EXCERPTED RECORDS:
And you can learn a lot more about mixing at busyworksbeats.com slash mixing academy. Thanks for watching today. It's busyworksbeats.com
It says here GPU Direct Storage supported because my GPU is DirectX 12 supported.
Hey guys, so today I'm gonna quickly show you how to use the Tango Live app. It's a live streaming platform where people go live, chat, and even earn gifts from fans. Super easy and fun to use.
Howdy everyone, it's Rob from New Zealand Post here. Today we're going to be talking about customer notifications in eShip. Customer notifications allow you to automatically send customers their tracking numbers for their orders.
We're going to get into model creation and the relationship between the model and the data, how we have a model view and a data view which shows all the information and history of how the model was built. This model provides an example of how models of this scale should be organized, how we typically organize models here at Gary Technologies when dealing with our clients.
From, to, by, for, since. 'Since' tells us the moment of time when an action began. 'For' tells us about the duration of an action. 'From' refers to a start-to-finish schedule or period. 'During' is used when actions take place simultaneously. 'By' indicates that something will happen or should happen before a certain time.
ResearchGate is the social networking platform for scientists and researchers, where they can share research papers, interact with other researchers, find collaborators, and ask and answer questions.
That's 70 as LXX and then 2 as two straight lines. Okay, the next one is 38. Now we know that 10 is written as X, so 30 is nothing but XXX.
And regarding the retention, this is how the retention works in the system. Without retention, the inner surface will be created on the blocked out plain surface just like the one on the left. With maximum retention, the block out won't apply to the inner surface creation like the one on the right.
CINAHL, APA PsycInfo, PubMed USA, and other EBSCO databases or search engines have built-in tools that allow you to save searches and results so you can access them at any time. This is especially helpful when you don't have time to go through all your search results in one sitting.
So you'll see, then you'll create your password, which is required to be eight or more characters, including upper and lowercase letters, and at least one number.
...
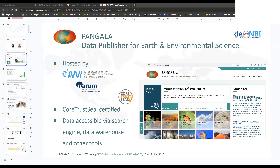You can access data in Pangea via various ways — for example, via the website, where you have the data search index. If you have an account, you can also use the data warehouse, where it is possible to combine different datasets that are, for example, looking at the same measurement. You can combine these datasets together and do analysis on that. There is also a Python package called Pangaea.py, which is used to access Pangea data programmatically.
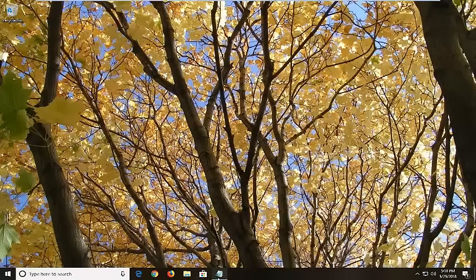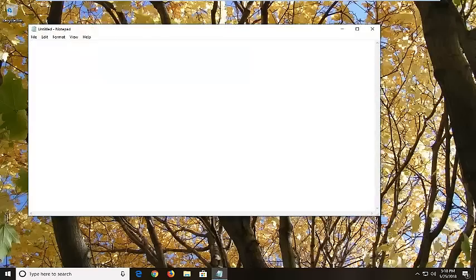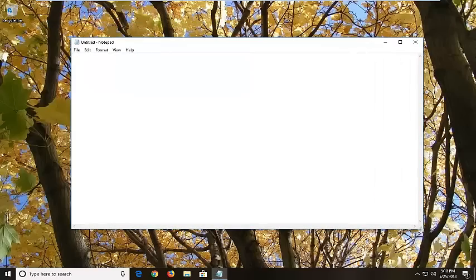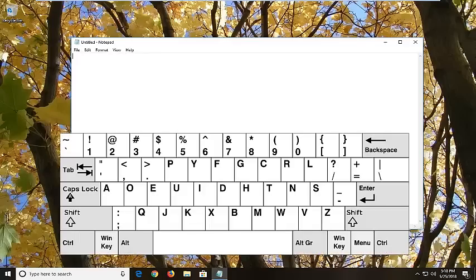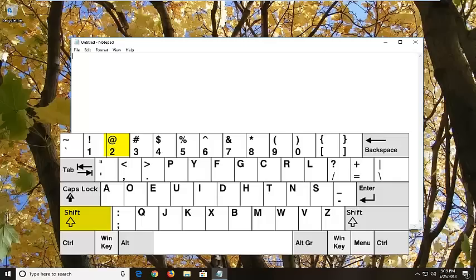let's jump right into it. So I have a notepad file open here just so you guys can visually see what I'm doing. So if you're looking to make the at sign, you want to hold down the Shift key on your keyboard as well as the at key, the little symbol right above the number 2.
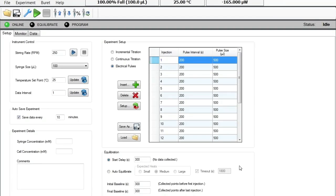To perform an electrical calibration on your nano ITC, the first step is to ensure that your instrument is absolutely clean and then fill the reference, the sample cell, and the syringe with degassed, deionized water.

TASK GOAL:
The expected answer is one number: how many lines above contain "creation".

RESPONSE AREA:
2